Picazo, una aldea que se fue

29/11/2014 - 23:00 Luis Monje

Volver a una aldea abandonada que ya lo estaba hace treinta años es una singular experiencia porque el lugar apenas ha cambiado, salvo la mayor ruina de los restos de entonces mientras que el visitante llega ahora convertido en un anciano. Pudo en aquella ocasión recorrer sin problemas las desiertas calles en cuesta y subir hasta el templo, ya deteriorado, en la parte alta del caserío; ahora, en cambio, andar por los pedruscos y hierbajos que conforman el suelo ha resultado casi una decisión de riesgo.

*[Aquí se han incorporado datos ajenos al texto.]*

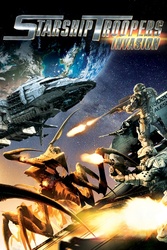 星河战队：入侵StarshiptroopersInvasion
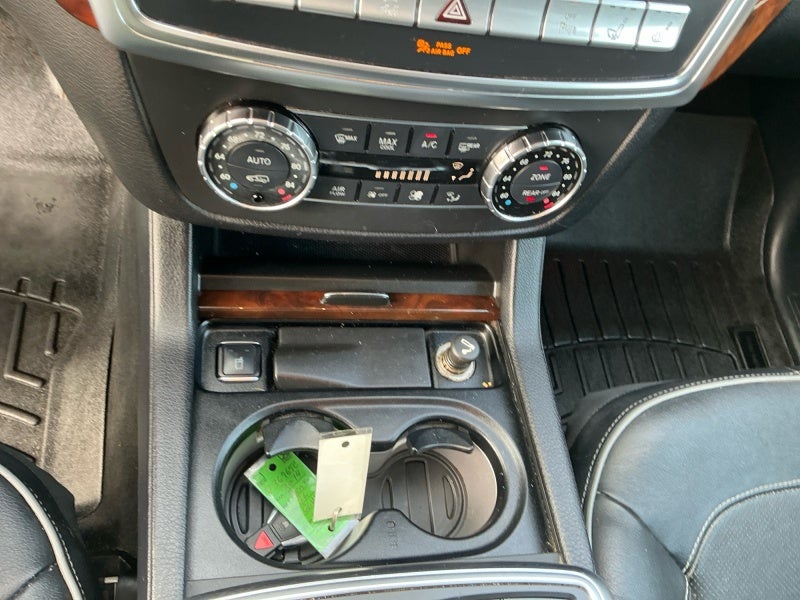 2014 Mercedes-Benz GL 450 4MATIC®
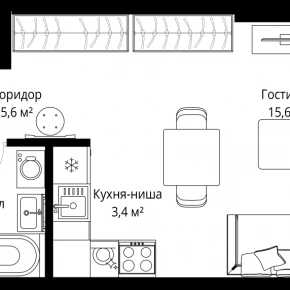 Ленинградский проспект, 8 / ЖК &laquo;Слава&raquo;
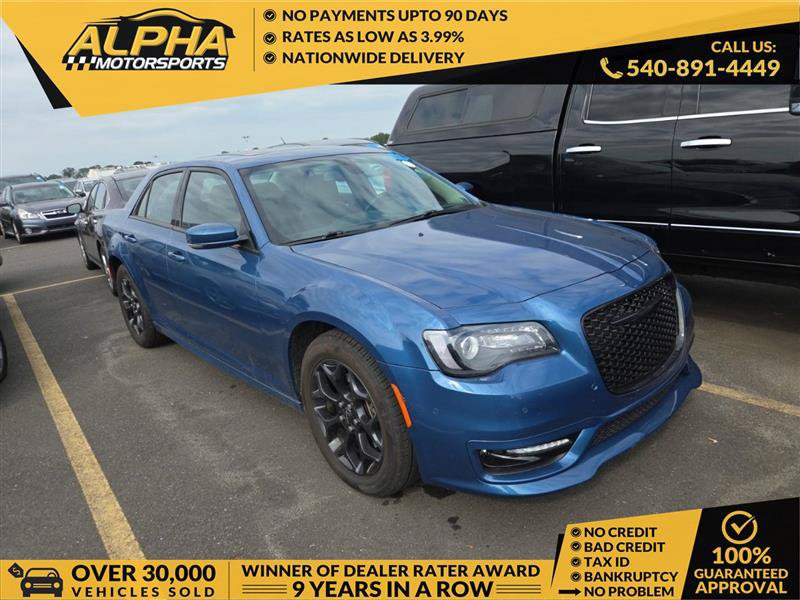 Used 2021 Chrysler 300 Touring L w/ Popular Equipment Group AWD/4WD image 1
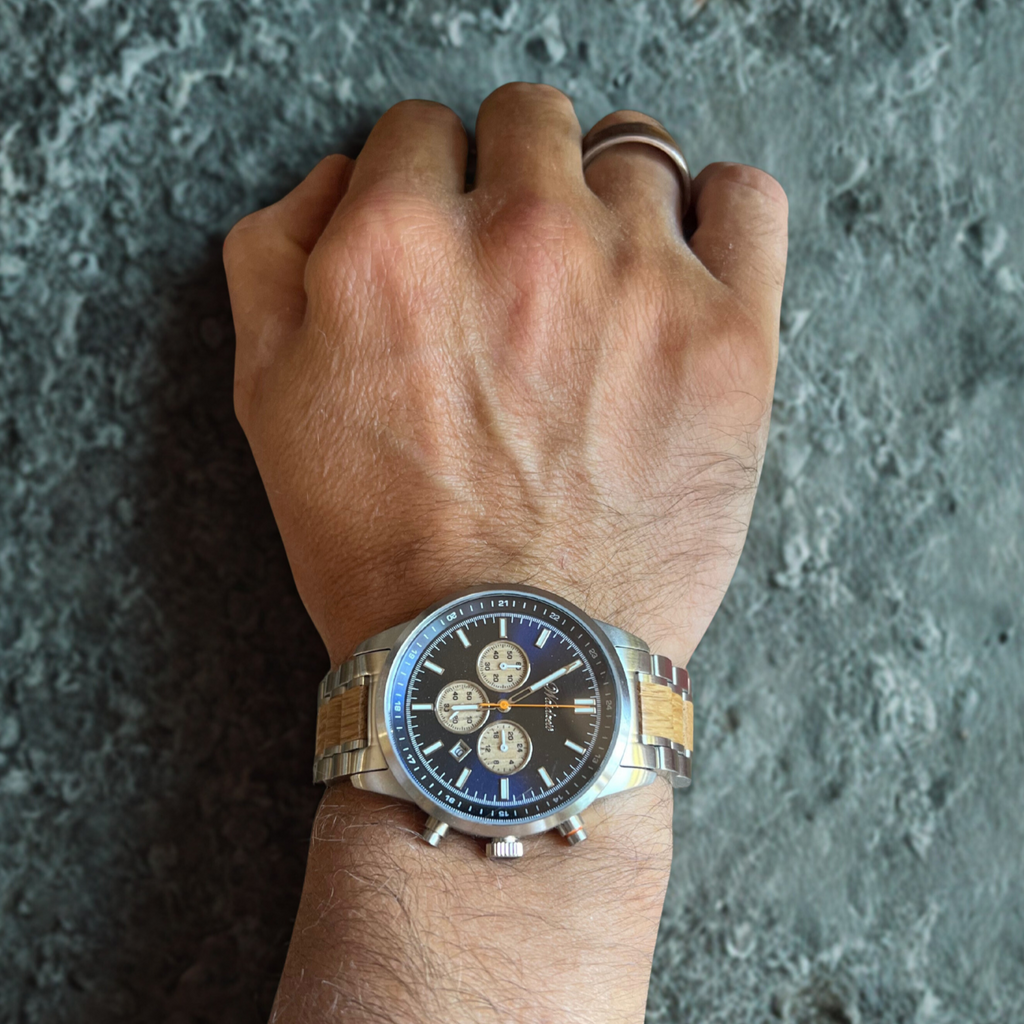 Strength Chronograph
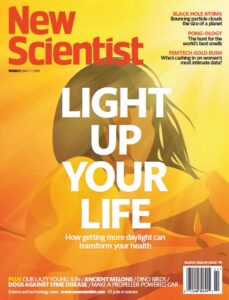 New Scientist؛ (June 1st)
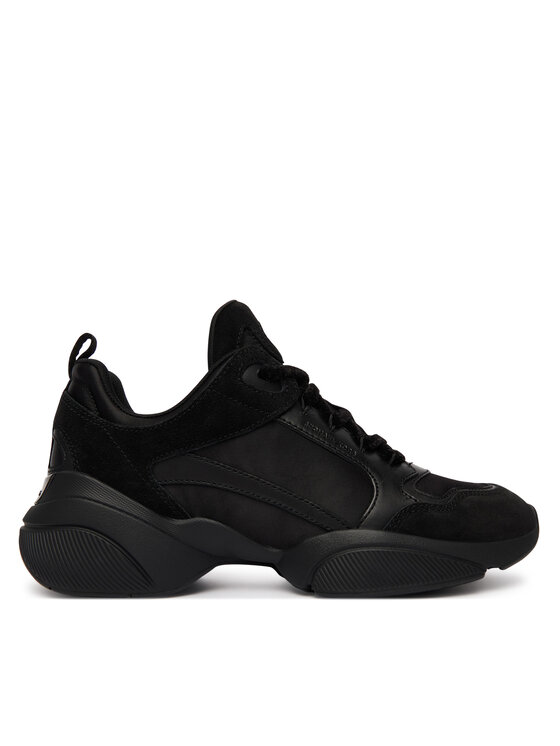 MICHAEL Michael Kors Sneakersy MICHAEL Michael Kors Bowie 43F6BWFS1D Čierna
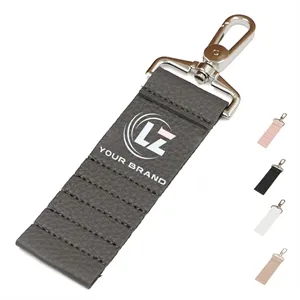 Outdoor Personalized Engraved Leather Golf Ball Stud Bag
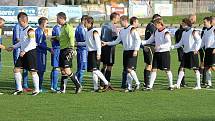 Snímky z utkání FK Nový Jičín – Lokomotiva Petrovice 2:1 (1:1).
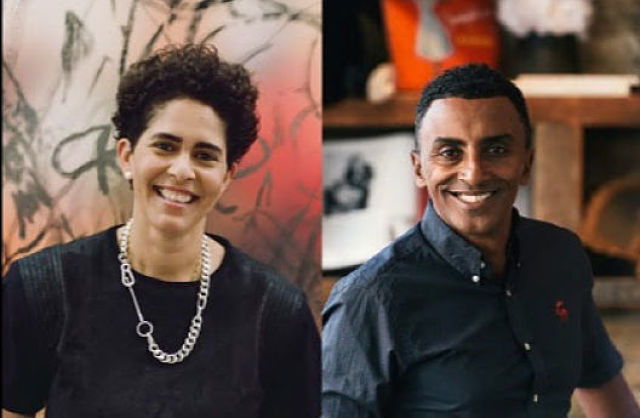 Tonight Whitney Museum of American Art Features Conversation with Marcus Samuelsson and Julie Mehretu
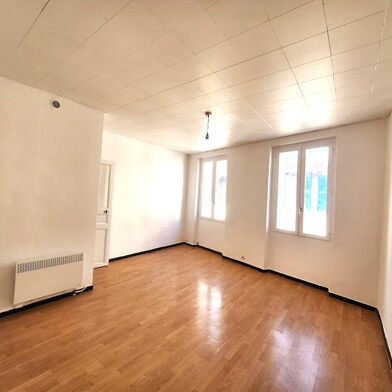 Appartement 1 pièce 32 m²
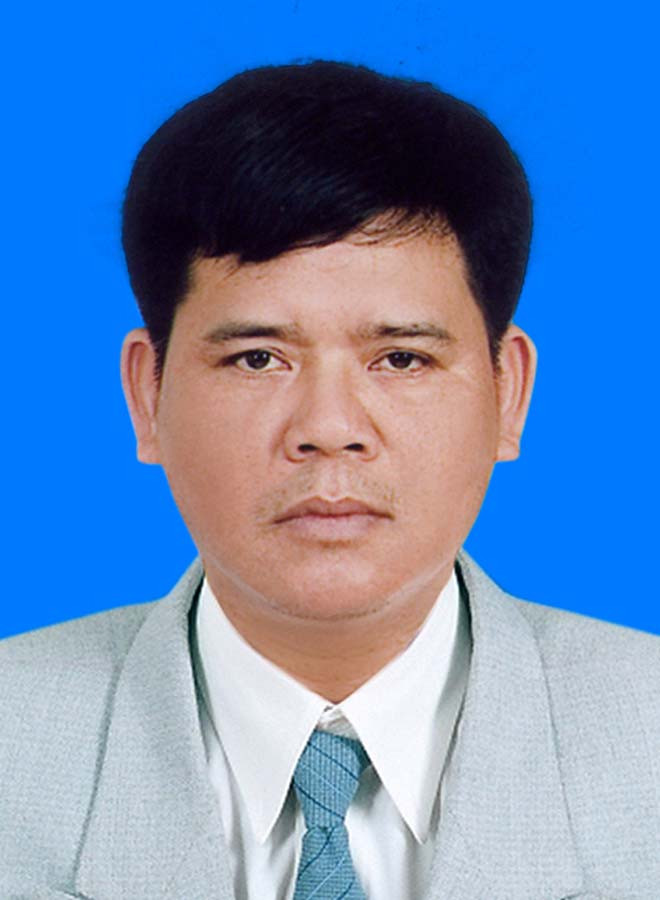 Ông Hồ Văn Điềm. Ảnh: T.N Ông Hồ Văn Điềm. Ảnh: T.N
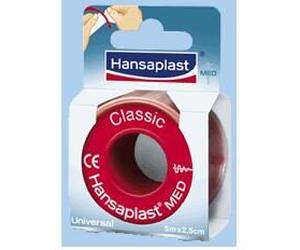 hansaplast rocch class 5x2,50 1p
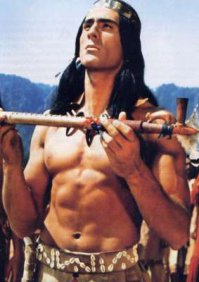 Гойко Митич наше всё!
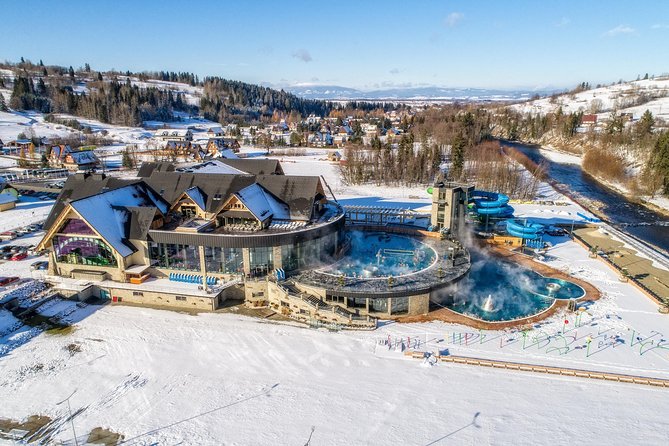Thermal Pools and Zakopane Tatra Mountains from Krakow, Private - What the private guide adds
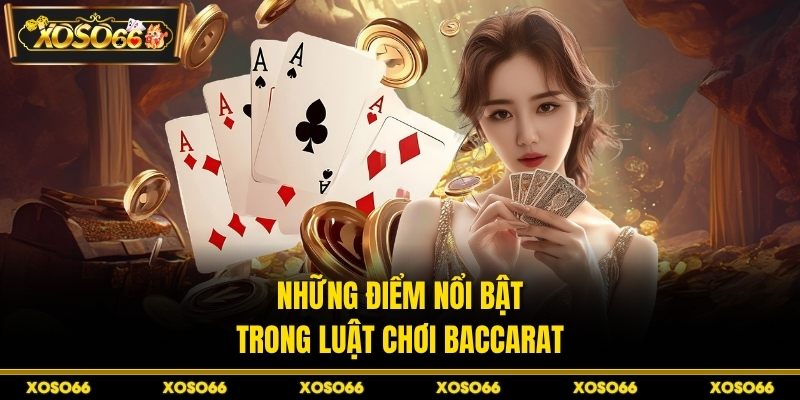 Baccarat Trực Tiếp XOSO66 - Bí Quyết Cực Thông Minh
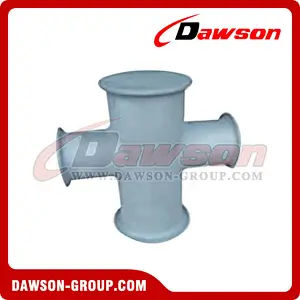 Marine Cross Bollard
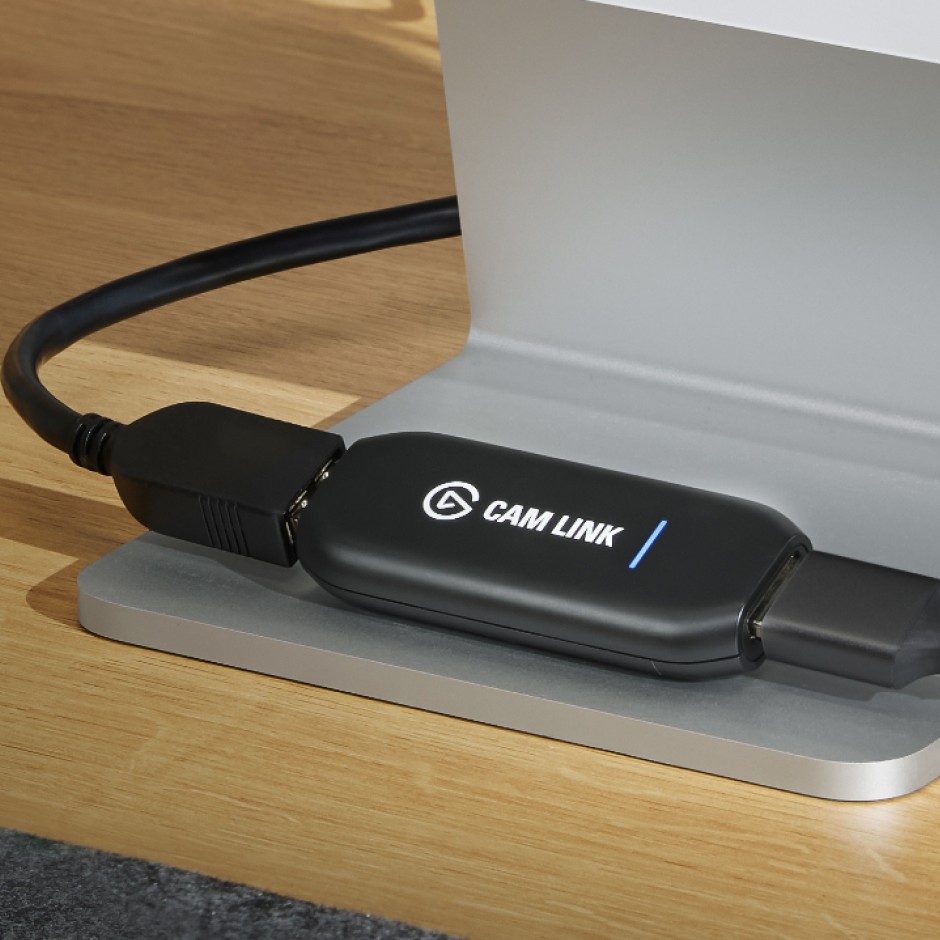 Elgato Cam Link 4K capture device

Son diez o doce las viviendas hundidas, y una sola restaurada, habitable y con panel solar, modernidad que en aquel rústico entorno casi es un oxímoron. Tiene mérito vivir allí, aunque solo sea el fin de semana, porque, pese a que ahora hay una carreterita de excelente pavimento, como son casi todas las de la provincia, comarcales, locales o ramales, carece de luz, no vimos fuente pública dentro del casco urbano, y el aislamiento y la soledad del paraje casi acongojan aun a los que nos sentimos atraídos por la naturaleza. Picazo, que llegó a tener catorce habitantes, corrió en los años setenta la misma suerte que su próximo Valdelagua, que se está recuperando gracias a su buen ramal de acceso y a tener luz, agua corriente, alcantarillado y hasta teléfono (quizás sin cobertura para los móviles por estar en una profunda hondonada hacia el Tajo). Ahora tiene puente nuevo sobre un arroyuelo que se precipita entre chopos a un barranco dentro del casco urbano, un lavadero restaurado al igual que varias casas y llegan casi una docena de coches en los puentes y “findes”. En Picazo, a unos siete kilómetros, un texto borroso sobre una tabla semipodrida, da la bienvenida desde una pared, aunque nadie allí pueda avalarla. Un grueso tronco de olmo seco, casi fosilizado, como una escultura surrealista, nos pareció el lugar adecuado para fotografiarnos. Pero en Picazo hay algo más que admirar: su situación en una boscosa hondonada de robles, pinos, melojos y carrascas que se abre también hacia el Tajo y, sobre todo, un silencio absoluto, casi sideral, sin el más mínimo ruido no natural. Es un lugar solemne, grandioso, porque los árboles cubren las laderas del hondón y trepan por ellas en aguerrida formación hasta constituirse en melena forestal en las alturas. Hubo tiempo para recoger bellotas caídas, aunque luego comprobamos que en su mayoría estaban podridas por la humedad.